I have read almost everything Nelson Algren wrote and I've always been a big fan of his. His prose can be taut and terse or improvisational and jazzy, and when he was good there wasn't a better writer anywhere. This novel, a fictionalization of the life of Ruben "Hurricane" Carter, contains a great deal of thinly disguised factual information, court documents, and personalities surrounding the trial, conviction, release and retrial of Carter for murdering 3 people in a New Jersey bar in 1966. Renamed Ruby Calhoun in this fact-filled fiction, the main character is an enigma, the kind Algren was able to weave successfully in Never Come Morning and The Man With The Golden Arm, but unlike the main characters of those novels it seemed to me that Algren was holding something back this time, that he didn't give Ruby Calhoun quite enough nourishment to become an unforgettable character, flawed but true to himself. Written before Carter was released from jail, the novel ends in a dreamlike cloud of elusive truth and an unsatisfying admission that the one person who could clear him would never be able to, cementing in place the bars Calhoun was tragically put behind.
For me, knowing about the case and its eventual outcome makes it difficult to feel the force of this novel and since I cannot "unknow" what I know it had a diminished impact so I have to admit that I cannot give this novel an unbiased review. The biggest question I have, though, is if Algren was as sure of Carter's innocence as he demonstrates in this novel why didn't he write it as non-fiction? He was certainly no stranger to non-fiction, and frankly his great "novel" period was long over by the time he finished this book (it was published a year or so after his death). I still admire Algren a great deal and the book is worth the time to read, but it lacks the intimacy of his earlier works--the seediness of the location isn't a character as it is in his best novels--it's as if he is truly an outsider trying hard to make an audience sympathize with people he doesn't quite understand or connect with. Forced and a bit artificial.
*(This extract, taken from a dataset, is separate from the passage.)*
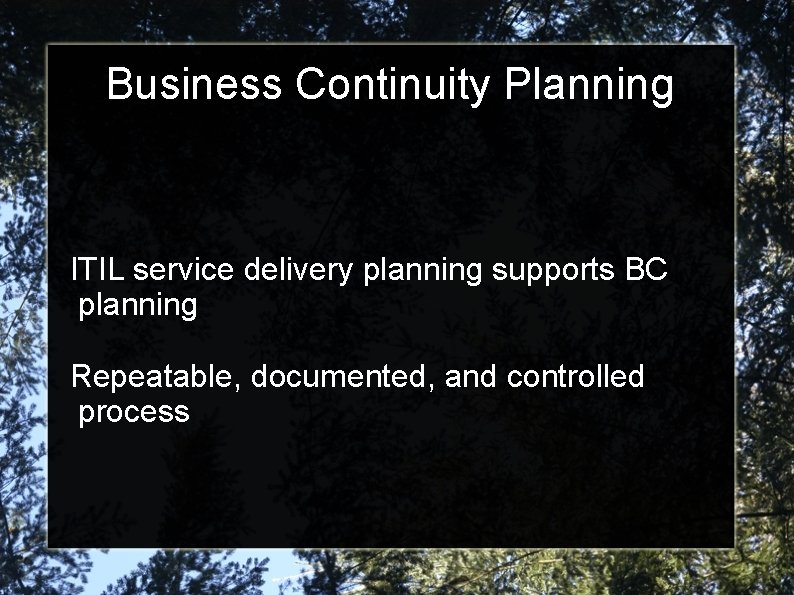 Business Continuity Planning ITIL service delivery planning supports BC planning Repeatable, documented, and controlled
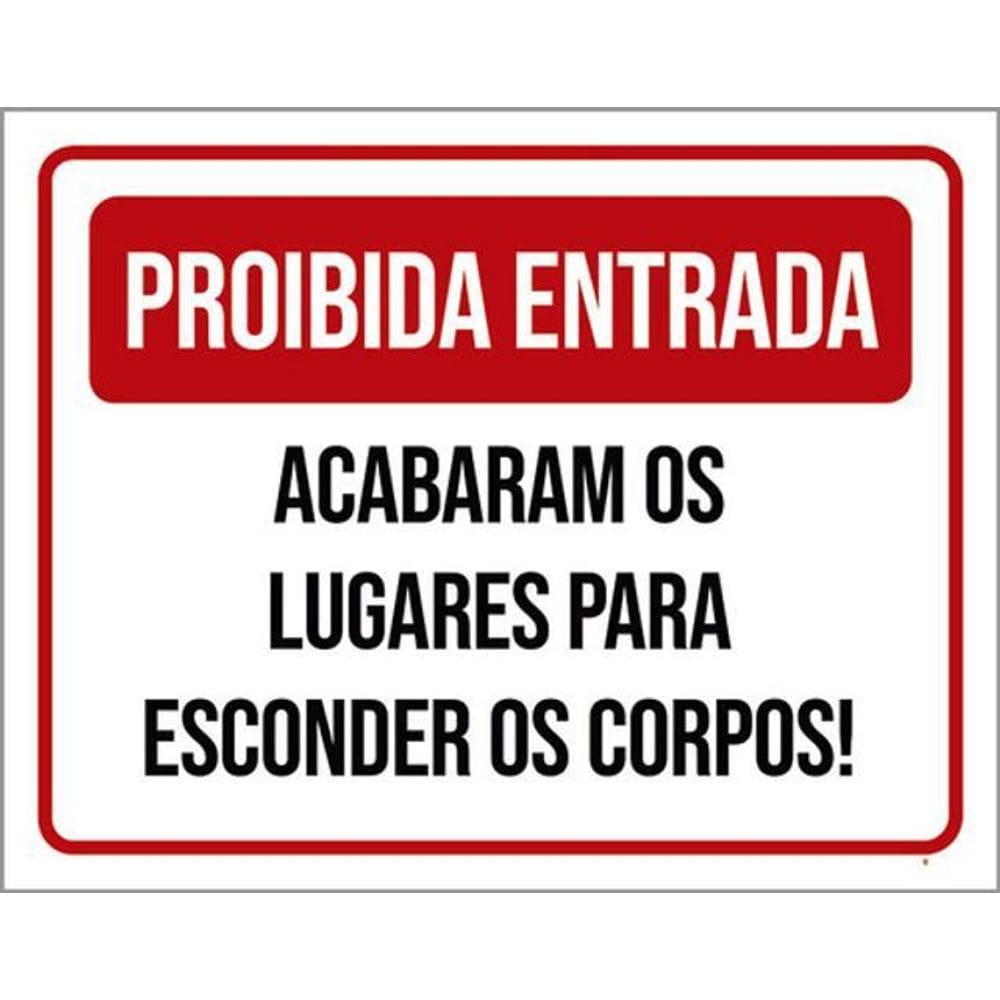 Kit 3 Placa Proibida Entrada Lugares Esconder 36X46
Regardless of what you may know or think about Ruben Carter, this novel didn't change my mind about the case or my opinion of those involved. Perhaps if it was told with the conviction of a true story instead of as a fiction told with a gasp of hope it might have swayed me. Either way, Ruby Calhoun is not a likeable character in any respect, and as Algren tells it, this shouldn't matter if he were wrongly convicted in a miscarriage of justice. I admire the sentiment but this one didn't have the fire, the rage that it needed to move me as his earlier works have done.